Fun at School Snowballs for Kids, Parents

February 14, 1996|JOANNA M. MILLER

There were snowball fights and sled runs, lots of squeals and a few tears Tuesday as 250 preschool children and their parents romped on a hill of man-made snow at Horizon Hills School in Thousand Oaks.

Some clad in snowsuits and gloves, others wearing shorts and tennis shoes, the kids took turns riding sleds or plastic garbage can tops down a short run made with 20 tons of shaved ice.

"I've never heard of any preschool doing anything like this," said parent Gretchen Hall of Moorpark, brushing artificial snow out of her hair deposited there by an impish 4-year-old Brett Hall. "It's her first time in the snow."

Nearby, 3-year-old John Rendon of Thousand Oaks stood atop the white hill wearing shorts and sneakers, holding his round sled.

"He wouldn't put these on," said his mother, Francie, holding up a pair of snow boots. "Didn't want his snow pants either."

Monday's and Tuesday's playtime in the snow, for which the school paid a discounted rate of $100 per ton, is an example of the philosophy of teaching used at Horizon Hills Parenting Center, said Eilene Green, a teacher and center coordinator.

"We passionately believe it has to be in the hand before it gets into the head," she said. "Now, when we talk about a snowman, they'll know what that means."

That philosophy holds true for both the children and the parents, who are the real students at Horizon Hills.
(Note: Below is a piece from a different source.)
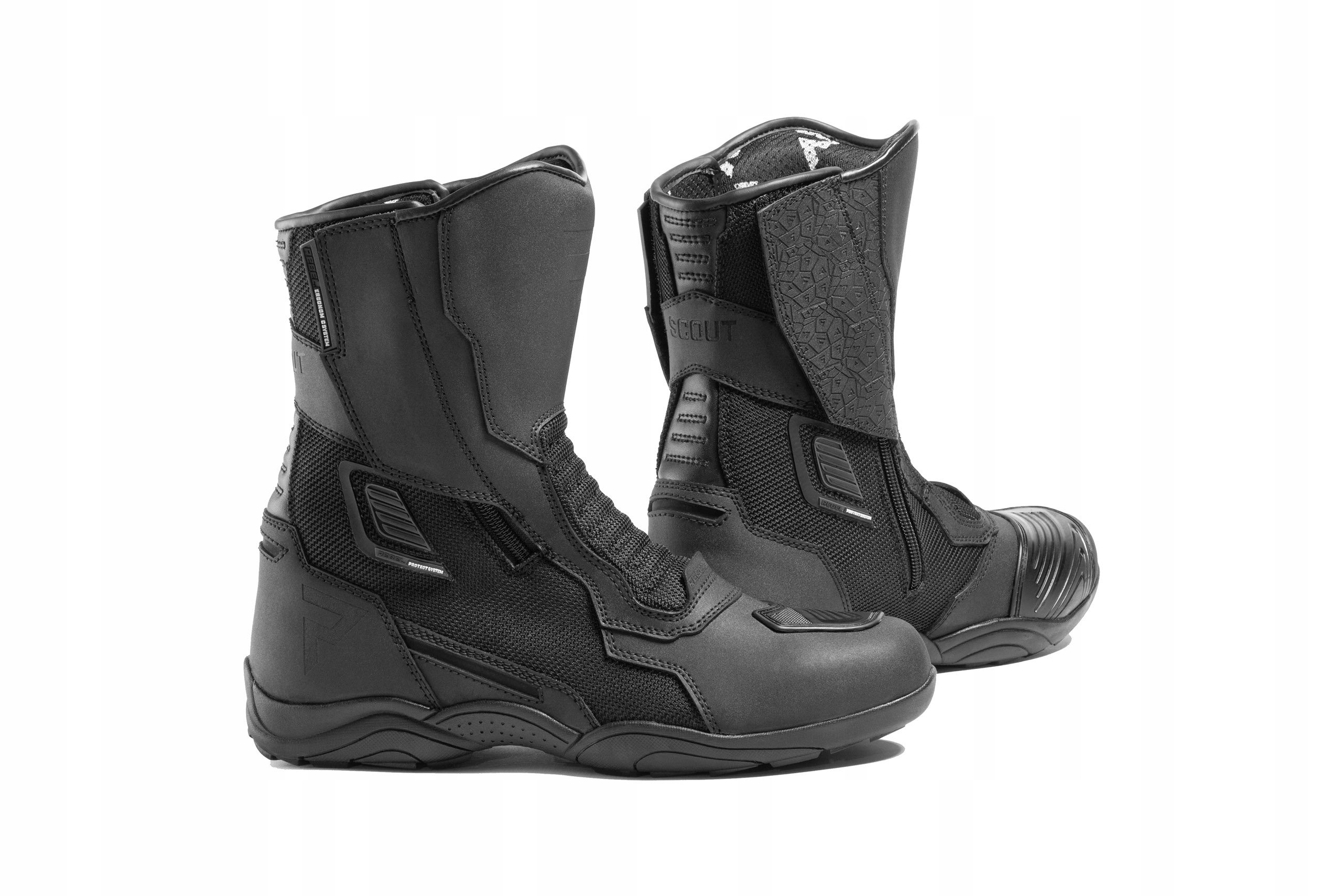 Buty Rebelhorn Scout Air czarne 40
The program is offered through the Conejo Valley Adult School to teach parenting skills. Of course, the preschool also teaches the children as well.

"We find that the parents are so committed to being involved with their children's education that they stay involved through junior and senior high school as well," said Twila Cook, a spokeswoman for the adult school.

Nearby, John Delaney, 3, was being comforted by his mother, Therese. Although he hit the hill earlier that morning, it wouldn't be his turn to get back on for another two hours.

"God bless 'em," said his mother. "They've been waiting and waiting and waiting for today."